*WHAT YOU ARE ASKED TO DO*. Where the data below begins, start retyping exactly, and end on the line with "bathroom with vanity, a", which is included; no picture goes in.

(Extracted data entries)
* * * * *

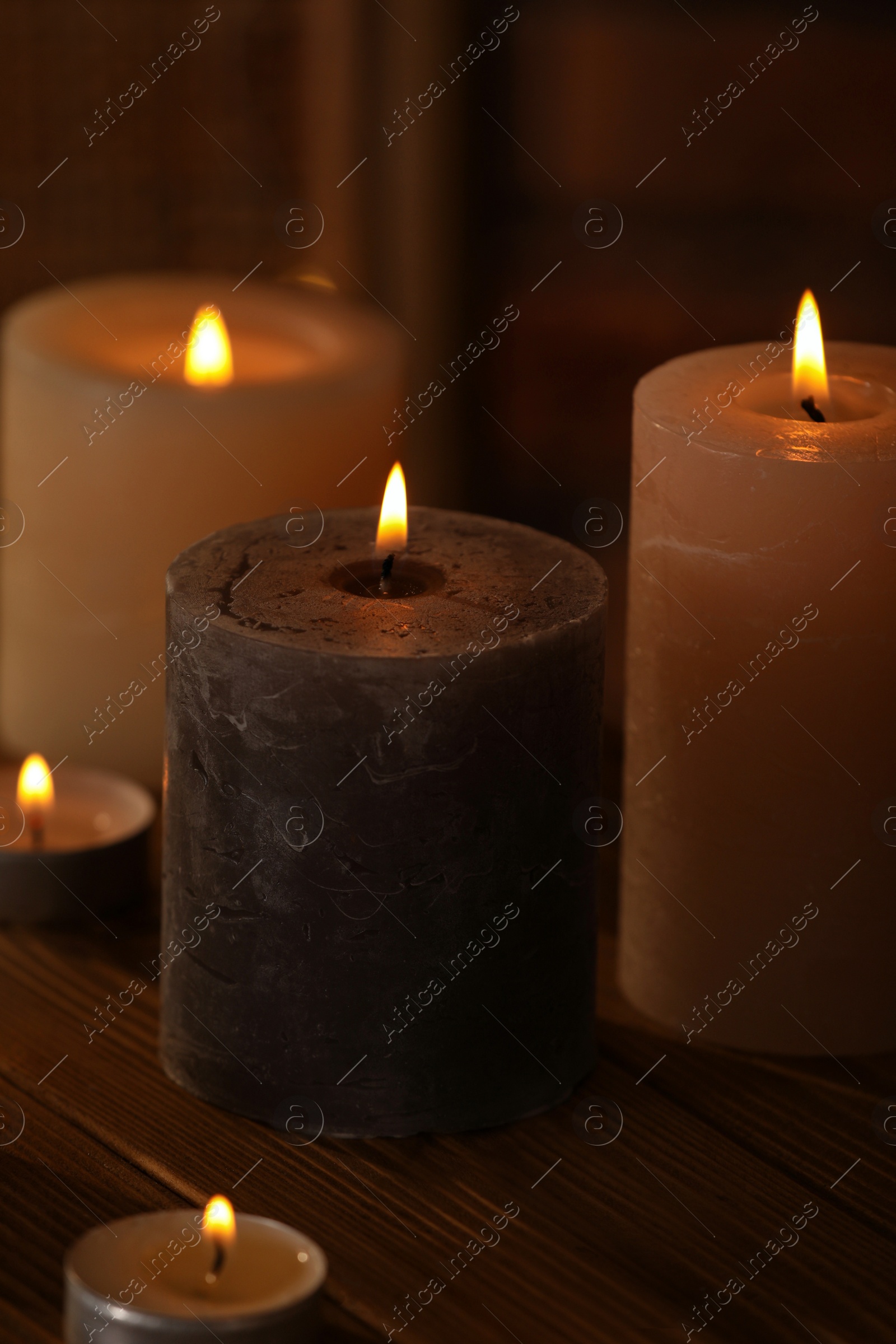 Photo of Spa composition with burning candles on wooden table in wellness center, closeup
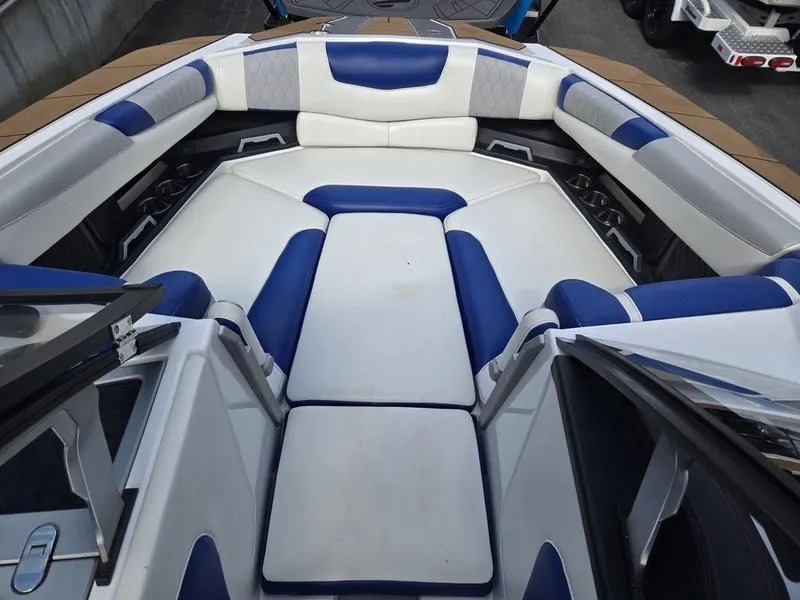 Slide: The Image of 2020 Malibu M240 boat interior with blue and white seating arrangement. - 27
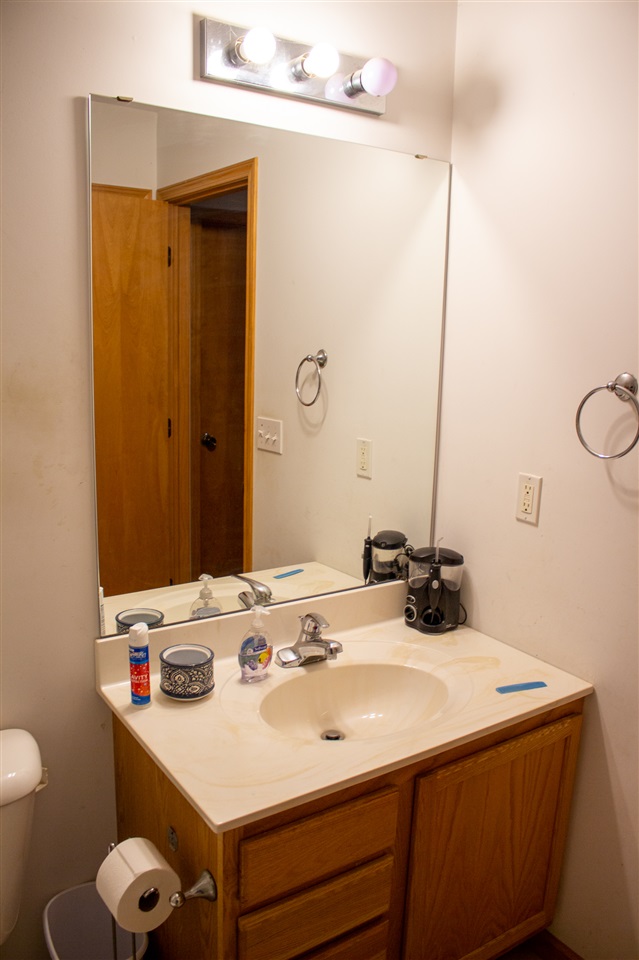 426 Lockwood Road Davis, IL 61019 - Photo 16 of 25 a bathroom with a sink and a mirror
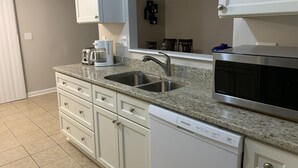 A kitchen with white cabinets, a granite countertop, a stainless steel sink, a coffee maker, a microwave, and a dishwasher. - Amazing home for 6 ! (Charlotte)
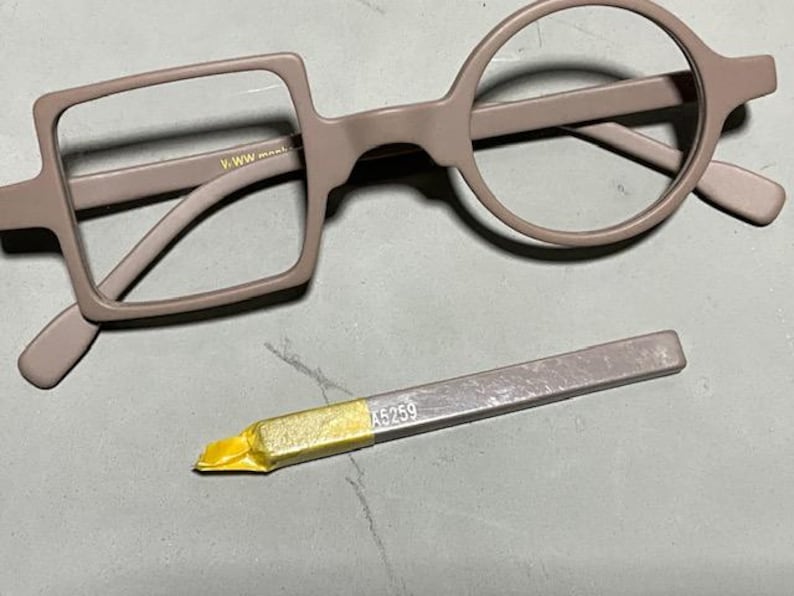 May include: A pair of eyeglasses with a unique design, featuring one square and one round lens frame in a muted mauve color. A small, silver-colored tool with the number "A5259" is also present.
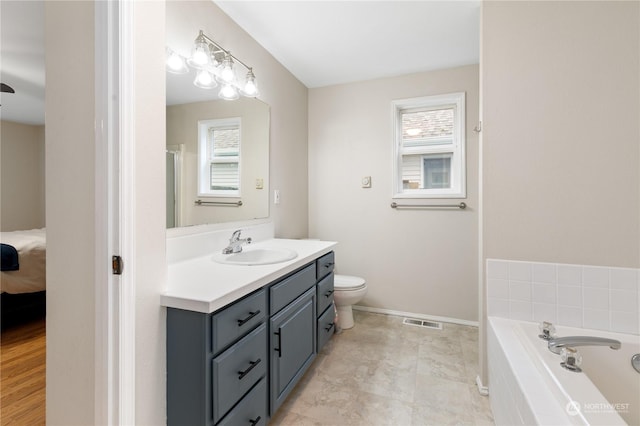 bathroom with vanity, a relaxing tiled tub, and toilet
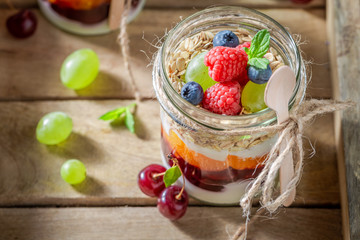 Healthy oat flakes with fresh berries and yoghurt in jar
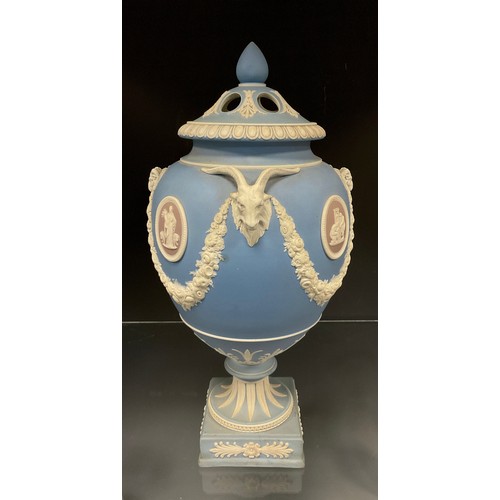 319 - A Wedgwood 'tri-colour' jasper ware urn and cover, late 19th/early 20th century, with Goat and Ram m... 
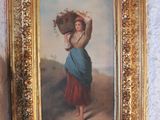un tableau représentant une femme portant un panier sur la tête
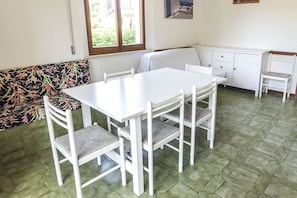 A dining area with a white table and chairs, a bench with a floral pattern, and a window with a view of greenery.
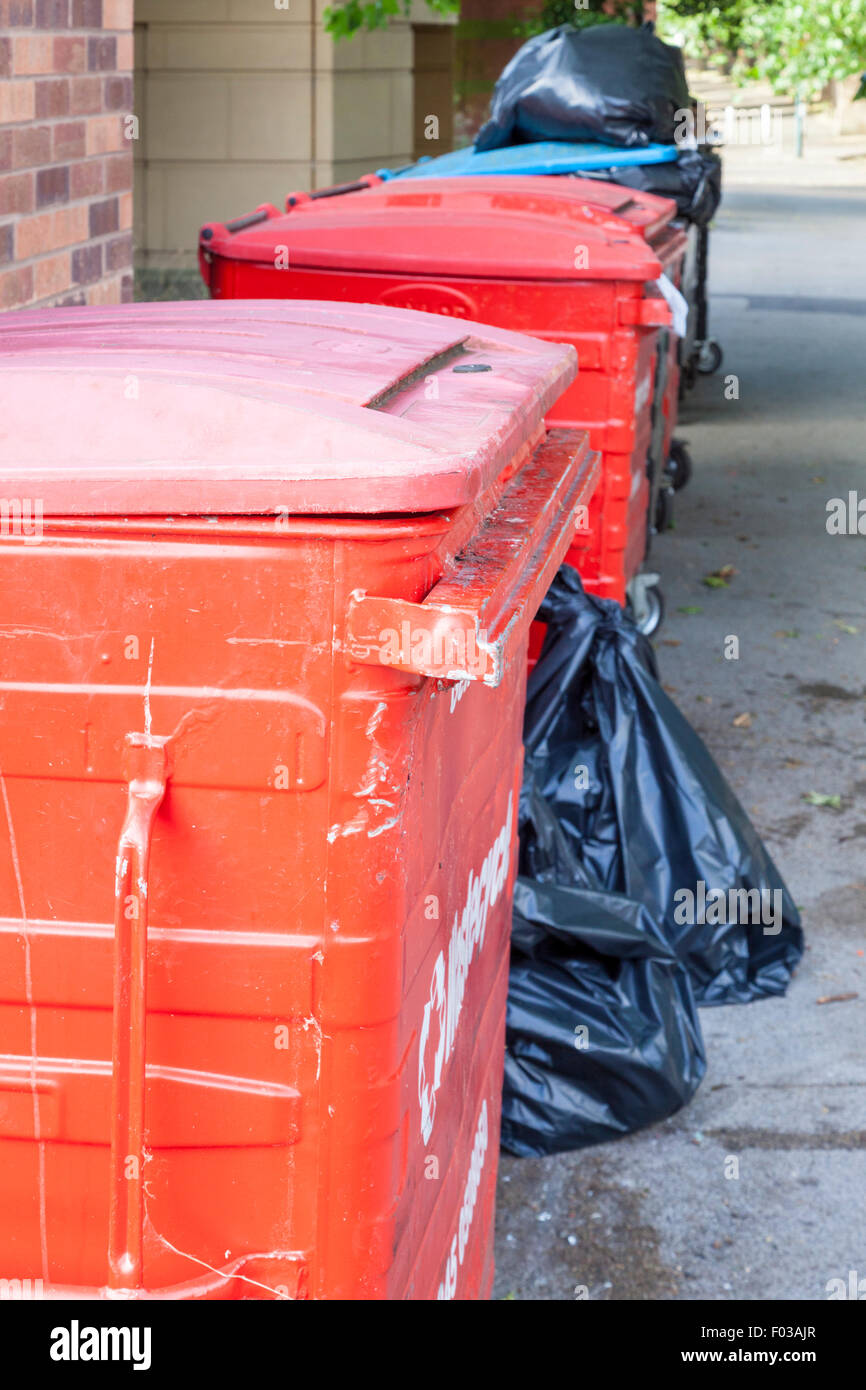 Large wheelie bins and black bags of commercial waste, Nottingham, England, UK Stock Photo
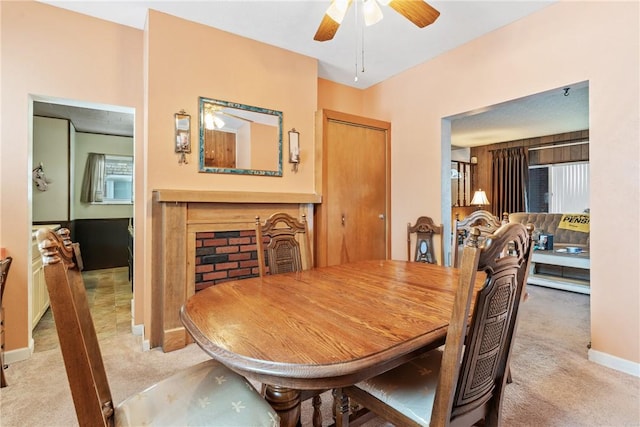 carpeted dining area featuring ceiling fan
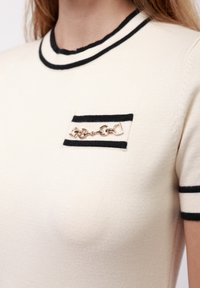 Crème korte mouwen top met een zwarte geribbelde kraag en mouwranden. Beschikt over een kleine zwarte zak met een zilveren kettingaccent.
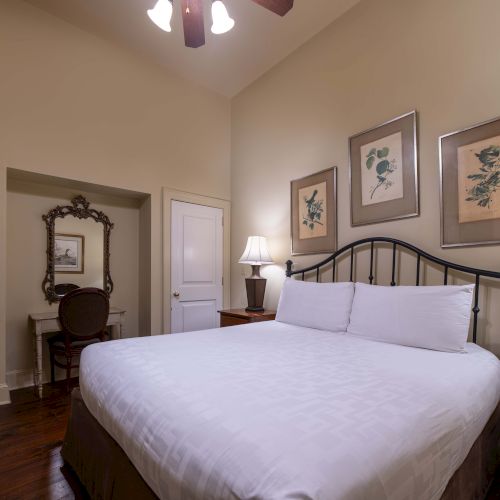 A cozy bedroom features a large bed, elegant lamps, framed botanical prints, a vintage mirror, and a desk with a chair, creating a warm ambiance.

* * * * *

*TASK SOLUTION*.
 Photo of Spa composition with burning candles on wooden table in wellness center, closeup
 Slide: The Image of 2020 Malibu M240 boat interior with blue and white seating arrangement. - 27
 426 Lockwood Road Davis, IL 61019 - Photo 16 of 25 a bathroom with a sink and a mirror
 A kitchen with white cabinets, a granite countertop, a stainless steel sink, a coffee maker, a microwave, and a dishwasher. - Amazing home for 6 ! (Charlotte)
 May include: A pair of eyeglasses with a unique design, featuring one square and one round lens frame in a muted mauve color. A small, silver-colored tool with the number "A5259" is also present.
 bathroom with vanity, a relaxing tiled tub, and toilet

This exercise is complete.